Re: [PATCH 1/6] KVM: x86: Add ioctl for accepting a userspace provided MSR list

Alexander Graf <graf@xxxxxxxxxx> · Sat, 8 Aug 2020 00:49:17 +0200

On 07.08.20 23:16, Jim Mattson wrote:

On Fri, Aug 7, 2020 at 9:12 AM Alexander Graf <graf@xxxxxxxxxx> wrote:



On 04.08.20 06:20, Aaron Lewis wrote:
CAUTION: This email originated from outside of the organization.
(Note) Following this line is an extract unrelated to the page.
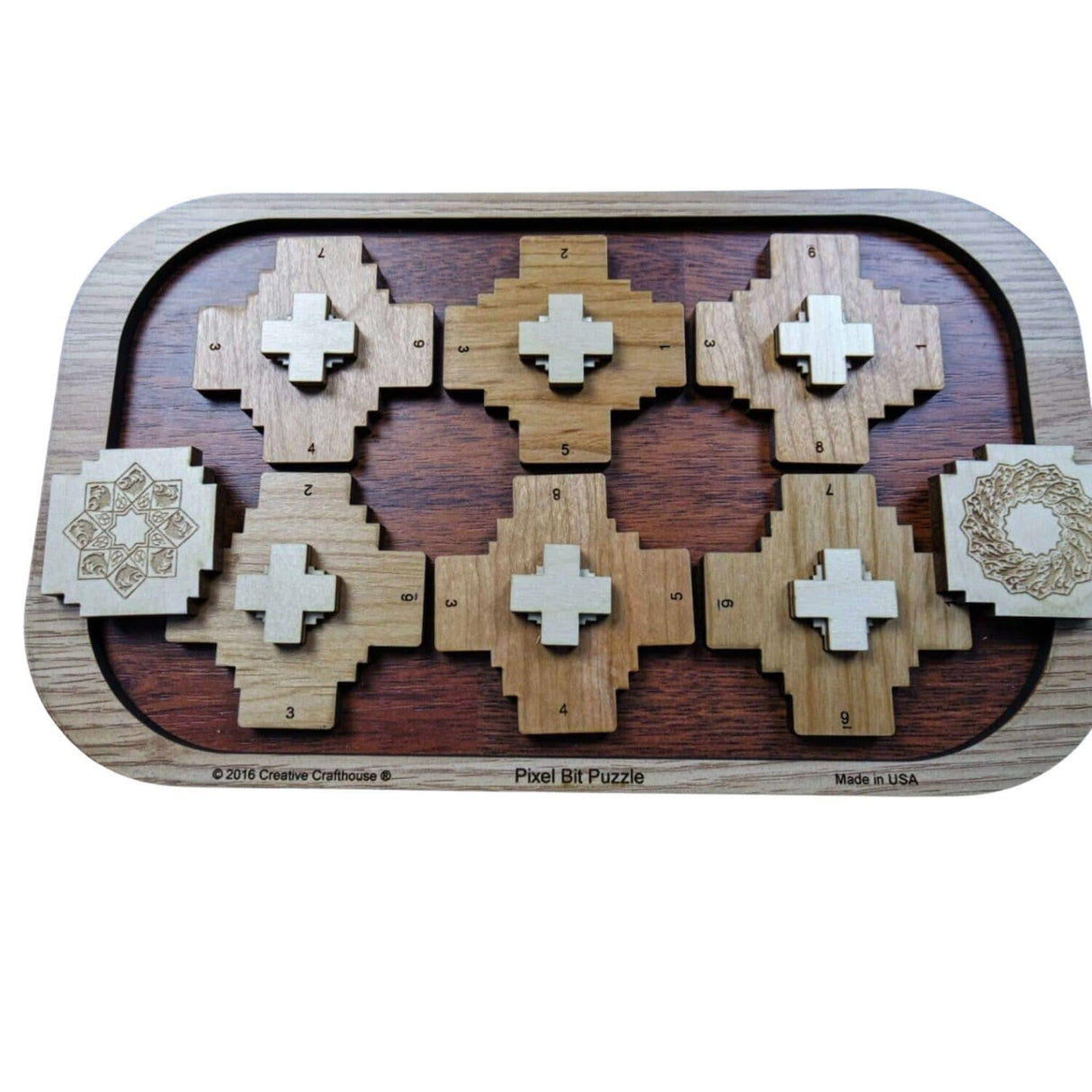 Pixel Bit Puzzle – Handcrafted Escape Room Puzzle - Creative Crafthouse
Do not click links or open attachments unless you can confirm the sender and know the content is safe.



Add KVM_SET_EXIT_MSRS ioctl to allow userspace to pass in a list of MSRs
that force an exit to userspace when rdmsr or wrmsr are used by the
guest.

KVM_SET_EXIT_MSRS will need to be called before any vCPUs are
created to protect the 'user_exit_msrs' list from being mutated while
vCPUs are running.

Add KVM_CAP_SET_MSR_EXITS to identify the feature exists.

Signed-off-by: Aaron Lewis <aaronlewis@xxxxxxxxxx>
Reviewed-by: Oliver Upton <oupton@xxxxxxxxxx>
---
   Documentation/virt/kvm/api.rst  | 24 +++++++++++++++++++
   arch/x86/include/asm/kvm_host.h |  2 ++
   arch/x86/kvm/x86.c              | 41 +++++++++++++++++++++++++++++++++
   include/uapi/linux/kvm.h        |  2 ++
   4 files changed, 69 insertions(+)

diff --git a/Documentation/virt/kvm/api.rst b/Documentation/virt/kvm/api.rst
index 320788f81a05..7d8167c165aa 100644
--- a/Documentation/virt/kvm/api.rst
+++ b/Documentation/virt/kvm/api.rst
@@ -1006,6 +1006,30 @@ such as migration.
   :Parameters: struct kvm_vcpu_event (out)
   :Returns: 0 on success, -1 on error

+4.32 KVM_SET_EXIT_MSRS
+------------------
+
+:Capability: KVM_CAP_SET_MSR_EXITS
+:Architectures: x86
+:Type: vm ioctl
+:Parameters: struct kvm_msr_list (in)
+:Returns: 0 on success, -1 on error
+
+Sets the userspace MSR list which is used to track which MSRs KVM should send
+to userspace to be serviced when the guest executes rdmsr or wrmsr.

Unfortunately this doesn't solve the whole "ignore_msrs" mess that we
have today. How can I just say "tell user space about unhandled MSRs"?
And if I add that on top of this mechanism, how do we not make the list
of MSRs that are handled in-kernel an ABI?

Jumping in for Aaron, who is out this afternoon...

Awesome, thanks for the super quick reply!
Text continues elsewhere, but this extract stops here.